Congress should be working to expand Medicare to cover all necessary care for everyone

By Ray Stever for Times of Trenton

In 1777, the Commonwealth of Vermont became the first sovereign state in the world to abolish slavery. On May 26, 2011, Vermont became the first state in the U.S. to commit itself to establishing a truly universal single-payer health care plan. Thus, Vermont could lead the rest of the United States to do what all of the other major industrialized countries have already done: Establish a not-for-profit, single-payer national program to provide health care for all of us. Single-payer movements have already made important progress in California and Pennsylvania. The New Jersey One Plan One Nation coalition is leading the campaign in New Jersey.

Both the abolition of slavery and the establishment of a truly universal health-care system were based on human rights. The Universal Declaration of Human Rights, which was drafted in 1948 by a committee chaired by first lady Eleanor Roosevelt, holds that “Everyone has the right to a standard of living adequate for the health and well-being of himself and of his family, including food, clothing, housing and medical care.” It is truly an embarrassment that the United States is the only major industrialized nation that fails to ensure that all its people have access to medical care.

There are also solid business reasons to expand Medicare to cover everything for everyone. A single, efficient, not-for-profit, single-payer public system for paying for health care would provide many important economic and social benefits to the people of New Jersey, and not just to our 1.3 million uninsured.

Health insurance companies have been increasing their premiums by up to 20 percent per year, even while providing less coverage. The average annual cost of employee-based family health insurance in New Jersey is $13,750. Health insurance companies charge a 31 percent overhead. Medicare’s overhead is only 3 percent. Under Medicare for All, individuals and families will pay less for health insurance. Patients will pick their own doctors. Patients and doctors, not insurance companies, will make treatment decisions. Patients will also be freed from the fear of medical bankruptcy. In the United States today, 62 percent of cases of personal bankruptcy result primarily from illness and medical debt. Of these cases, 70 percent had health insurance when the bankrupting illness or injury arose.

Large and small businesses, nonprofit organizations and state and local government will also benefit from the single-payer system because it will provide comprehensive medical insurance to all of their employees at a much lower cost. This cost savings will reduce the cost of government and provide a substantial boost to the competitiveness of businesses.
A single-payer system would largely solve New Jersey’s budget problems. The state government would save $2.6 billion per year on employees’ health care, charity care and workers’ compensation. New Jersey would also eliminate more than $60 billion in unfunded obligations for retirees’ medical care. The City of Trenton would save $18.2 million per year. Camden would save $17 million per year. (Seventy five percent of Camden’s budget comes from the state of New Jersey.)

Health-care providers will also benefit from the single-payer system. Under the current system, doctors often find their professional judgment second-guessed by anonymous insurance company clerks. Then, doctors and their staff must navigate a complicated bureaucratic maze if they hope to be paid. A single-payer system eliminates this bureaucratic nightmare, providing instead a simple and streamlined billing system. It will be like today’s Medicare system, except more inclusive, more comprehensive and potentially more generous to health-care providers.

Congress should be working to expand Medicare to cover all necessary care for everyone. Instead, some members of Congress are threatening to cut Medicare funding, even though 92 percent of Democrats, 73 percent of Republicans, 75 percent of independents and 70 percent of Tea Party members oppose cuts to Medicare, according to a McClatchy-Marist poll conducted in April.

Like abolition, women’s suffrage and the civil rights movement, the passage of Green Mountain Care in Vermont was the product of a grassroots political mobilization.
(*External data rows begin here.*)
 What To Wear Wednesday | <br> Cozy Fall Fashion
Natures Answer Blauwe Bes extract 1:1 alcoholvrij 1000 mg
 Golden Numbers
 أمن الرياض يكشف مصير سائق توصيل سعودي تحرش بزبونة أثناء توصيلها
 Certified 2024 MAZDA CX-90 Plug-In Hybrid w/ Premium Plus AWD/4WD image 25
The movement for a simple, economical and humane system for providing health care is the civil rights movement of our generation. New Jersey One Plan One Nation is leading that movement here in the Garden State. Join us.
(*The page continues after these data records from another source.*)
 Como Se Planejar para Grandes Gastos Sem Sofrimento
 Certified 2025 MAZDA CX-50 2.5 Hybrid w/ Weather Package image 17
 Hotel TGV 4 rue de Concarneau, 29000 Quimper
Ray Stever is president of the New Jersey One Plan One Nation Coalition (njoneplan.org).

2 Comments

  1. Vashti Winterburg on June 16, 2011 at 12:24 am

    Ray, Excellent piece. I loved your numbers. Incidentally a state study four years ago found that the state of Kansas would save $800 Million a year at that time.
    Another reason that Health insurance companies are raking it in is that not only have they raised their premiums, but they have also raised their deductibles to such high rates that policy holders must spend additional thousands of dollars before their insurance kicks in and/or they’re terrified to go to the doctor for fear of having to pay out for their deductible. I have a doctor friend whose brother was so afraid to use his health insurance for fear of cancellation that he died rather than go for care in a timely manner. Heartbreaking and immoral.



  2. Bill M on June 17, 2011 at 4:32 pm

    I totally agree with you Ray except that slavery was abolished IN Great Britain in 1772 and the slave trade outlawed with the Slave Trade Act in 1807. The final nail in the coffin for slavery in the British Empire, The Slavery Abolition Act, came along later in 1833 but this more just a license for the Royal Navy to dismantle the Spanish and Portuguese trade (and profit from it).